Kläranlagen untersucht Projekt aus Halle: Abwasser als Frühwarnsystem gegen Corona

Abwasser kann zeigen, wie hoch das Corona-Aufkommen in einer Region ist. Das haben Forschende aus Halle mit Hilfe eines Projekts bewiesen. So könnten ihre Ergebnisse zukünftig als Corona-Frühwarnsystem im Land fungieren, wenn es weiter gefördert wird. Diese Entscheidung steht noch aus.

Seit mehr als einem halben Jahr hat das Landesamt für Umweltschutz (LAU) in Halle testweise Abwasser aus vier Kläranlagen in Sachsen-Anhalt auf das Coronavirus untersucht. Bei diesem Testlauf konnte ein Zusammenhang zwischen der Menge der Corona-RNA im Abwasser und den Inzidenzzahlen beobachtet werden, wie die Behörde nun mitteilte. Eine Weiterführung des Projektes als Frühwarnsystem ist laut LAU "sinnvoll" und auch realisierbar. "Das Infektionsgeschehen kann durch die Abwasserbeprobung ähnlich gut abgebildet werden wie derzeit durch die massenhaften Corona-Tests", teilte eine Sprecherin des LAU mit.

Auch in Thüringen gibt es aktuell so ein Projekt, das vom Land für insgesamt acht Monate mit 430.000 Euro gefördert wird:

Fortsetzung des Projekts: Entscheidung steht noch aus

Für eine Fortsetzung der Untersuchungen im kommenden Jahr müssten jedoch noch die Voraussetzungen geschaffen werden.

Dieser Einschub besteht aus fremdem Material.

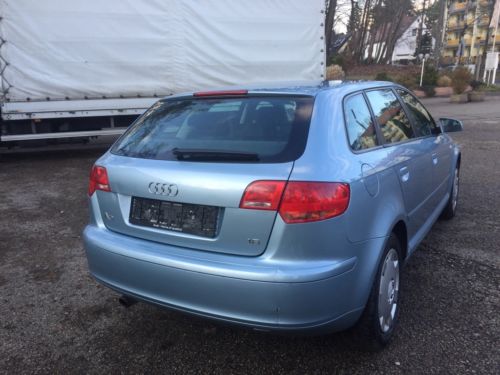 Audi A3, 1.6 Sportback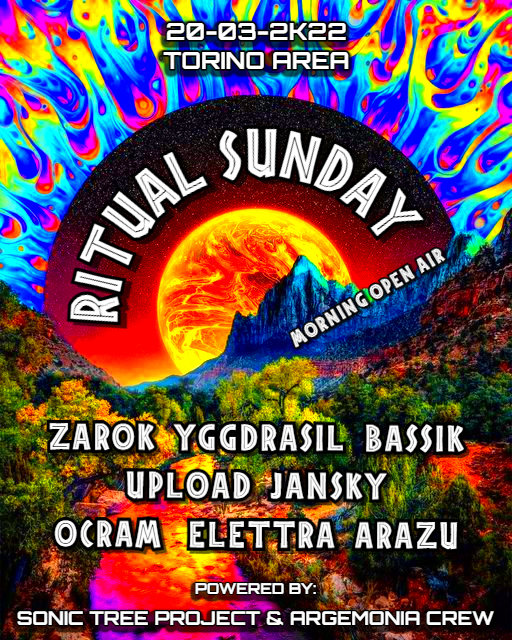 RITUAL SUNDAY // MORNING OPEN AIR · 20 Mar '22, 07:30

Dazu gehören laut LAU eine personelle Aufstockung sowie die Anschaffung eines neueren Untersuchungsgerätes und der "benötigten Verbrauchsmaterialien". Das Umweltministerium unterstütze eine Fortsetzung, sagte ein Ministeriumssprecher. Die Ergebnisse könnten unter anderem künftig durch Behörden genutzt werden, um Auftreten, Intensität und genetische Variationen von Corona-Varianten zu erkennen.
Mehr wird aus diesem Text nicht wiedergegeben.